The World Bank has warned that the global economy is in “a precarious position” due to weak growth, rising inflation, and record debt levels.
According to the Washington-based bank’s annual Global Economic Prospects report, increased interest rates have caused a significant slowdown in global growth while increasing the danger of financial stress, particularly in developing nations.
One out of every four emerging economies had “effectively lost access to international bond markets,” it added, noting that the strain was more intense for economies with underlying vulnerabilities such as low creditworthiness.
Growth projections for these economies for 2023 are less than half of those from a year ago, making them highly vulnerable to additional shocks, according to the research.
The bank projected global growth to slow from 3.1 per cent in 2022 to 2.1 per cent this year.
In emerging economies other than China, growth is set to slow to 2.9 per cent this year from 4.1 per cent last year. These forecasts reflect broad-based downgrades, the bank said.
The World Bank’s report assesses how increases in US interest rates are affecting emerging economies.

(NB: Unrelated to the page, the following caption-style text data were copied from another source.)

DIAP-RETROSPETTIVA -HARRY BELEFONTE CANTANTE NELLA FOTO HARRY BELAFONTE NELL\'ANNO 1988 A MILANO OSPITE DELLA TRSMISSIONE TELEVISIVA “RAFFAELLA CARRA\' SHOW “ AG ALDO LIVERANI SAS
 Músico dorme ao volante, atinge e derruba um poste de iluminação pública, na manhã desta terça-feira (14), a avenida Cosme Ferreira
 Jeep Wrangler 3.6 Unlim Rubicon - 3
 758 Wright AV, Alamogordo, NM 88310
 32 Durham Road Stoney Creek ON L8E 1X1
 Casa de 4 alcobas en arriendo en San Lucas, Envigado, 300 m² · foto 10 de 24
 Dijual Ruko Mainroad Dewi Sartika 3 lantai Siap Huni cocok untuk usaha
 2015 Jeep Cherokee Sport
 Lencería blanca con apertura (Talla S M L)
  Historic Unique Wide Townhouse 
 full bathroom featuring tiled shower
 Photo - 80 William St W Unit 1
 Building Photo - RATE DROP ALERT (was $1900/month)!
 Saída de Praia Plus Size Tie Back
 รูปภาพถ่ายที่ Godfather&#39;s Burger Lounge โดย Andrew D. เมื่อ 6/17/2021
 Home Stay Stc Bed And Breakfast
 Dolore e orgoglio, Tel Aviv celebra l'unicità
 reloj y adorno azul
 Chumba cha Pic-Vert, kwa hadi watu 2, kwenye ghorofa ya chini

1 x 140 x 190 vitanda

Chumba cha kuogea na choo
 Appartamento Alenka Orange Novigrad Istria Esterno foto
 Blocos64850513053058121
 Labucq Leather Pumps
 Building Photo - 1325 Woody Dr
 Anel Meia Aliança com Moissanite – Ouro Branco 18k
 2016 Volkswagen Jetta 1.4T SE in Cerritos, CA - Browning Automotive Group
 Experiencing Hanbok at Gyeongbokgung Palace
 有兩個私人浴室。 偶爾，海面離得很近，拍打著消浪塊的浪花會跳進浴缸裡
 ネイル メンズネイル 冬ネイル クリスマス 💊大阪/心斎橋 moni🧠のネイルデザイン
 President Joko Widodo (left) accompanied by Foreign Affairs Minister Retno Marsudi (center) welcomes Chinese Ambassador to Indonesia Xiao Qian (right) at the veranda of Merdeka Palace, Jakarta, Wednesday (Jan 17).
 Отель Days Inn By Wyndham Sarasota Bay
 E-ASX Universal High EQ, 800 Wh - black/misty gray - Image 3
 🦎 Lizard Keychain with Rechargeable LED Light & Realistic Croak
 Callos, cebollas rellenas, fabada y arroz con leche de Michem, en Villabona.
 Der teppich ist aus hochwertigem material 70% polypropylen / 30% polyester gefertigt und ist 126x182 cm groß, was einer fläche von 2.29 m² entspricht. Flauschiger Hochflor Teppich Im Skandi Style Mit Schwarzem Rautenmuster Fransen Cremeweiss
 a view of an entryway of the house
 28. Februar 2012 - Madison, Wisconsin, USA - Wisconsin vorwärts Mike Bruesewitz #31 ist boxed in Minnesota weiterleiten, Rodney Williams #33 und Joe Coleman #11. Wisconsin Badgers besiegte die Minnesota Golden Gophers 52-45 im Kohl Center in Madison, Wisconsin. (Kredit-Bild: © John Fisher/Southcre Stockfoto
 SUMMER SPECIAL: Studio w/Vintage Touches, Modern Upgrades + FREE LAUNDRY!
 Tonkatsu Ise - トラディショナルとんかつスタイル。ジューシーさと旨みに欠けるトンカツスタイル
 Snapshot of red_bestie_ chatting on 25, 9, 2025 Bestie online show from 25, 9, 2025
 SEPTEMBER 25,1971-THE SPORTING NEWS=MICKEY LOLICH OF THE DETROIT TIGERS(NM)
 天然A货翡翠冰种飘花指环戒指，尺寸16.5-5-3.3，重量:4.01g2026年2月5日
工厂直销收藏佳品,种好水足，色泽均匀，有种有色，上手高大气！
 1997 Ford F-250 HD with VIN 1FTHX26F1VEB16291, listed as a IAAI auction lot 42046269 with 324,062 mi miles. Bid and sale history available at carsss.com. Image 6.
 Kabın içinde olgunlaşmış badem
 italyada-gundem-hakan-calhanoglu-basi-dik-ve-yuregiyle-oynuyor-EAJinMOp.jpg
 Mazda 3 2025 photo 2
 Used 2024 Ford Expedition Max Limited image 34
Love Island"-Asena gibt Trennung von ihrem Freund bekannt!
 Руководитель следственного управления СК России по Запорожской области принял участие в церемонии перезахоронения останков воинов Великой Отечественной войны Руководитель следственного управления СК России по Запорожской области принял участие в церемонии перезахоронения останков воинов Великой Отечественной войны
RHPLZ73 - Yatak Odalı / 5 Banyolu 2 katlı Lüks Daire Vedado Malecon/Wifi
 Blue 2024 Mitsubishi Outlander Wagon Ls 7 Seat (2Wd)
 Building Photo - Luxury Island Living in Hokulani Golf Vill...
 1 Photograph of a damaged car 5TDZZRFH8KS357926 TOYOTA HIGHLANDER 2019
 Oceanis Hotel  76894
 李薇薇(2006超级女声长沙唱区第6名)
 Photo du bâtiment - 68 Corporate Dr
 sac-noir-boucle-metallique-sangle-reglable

Most of the rise in two-year US Treasury yields over the past year and a half has been driven by investor expectations of hawkish US monetary policy to control inflation, it said.
“This particular type of interest rate increases is associated with adverse financial effects in EMDEs (emerging and developing economies), including a higher probability of financial crisis,” it said, noting these effects were more pronounced in countries with greater economic vulnerabilities.
“The world economy is in a precarious position,” said Indermit Gill, the World Bank group’s chief economist and senior vice-president.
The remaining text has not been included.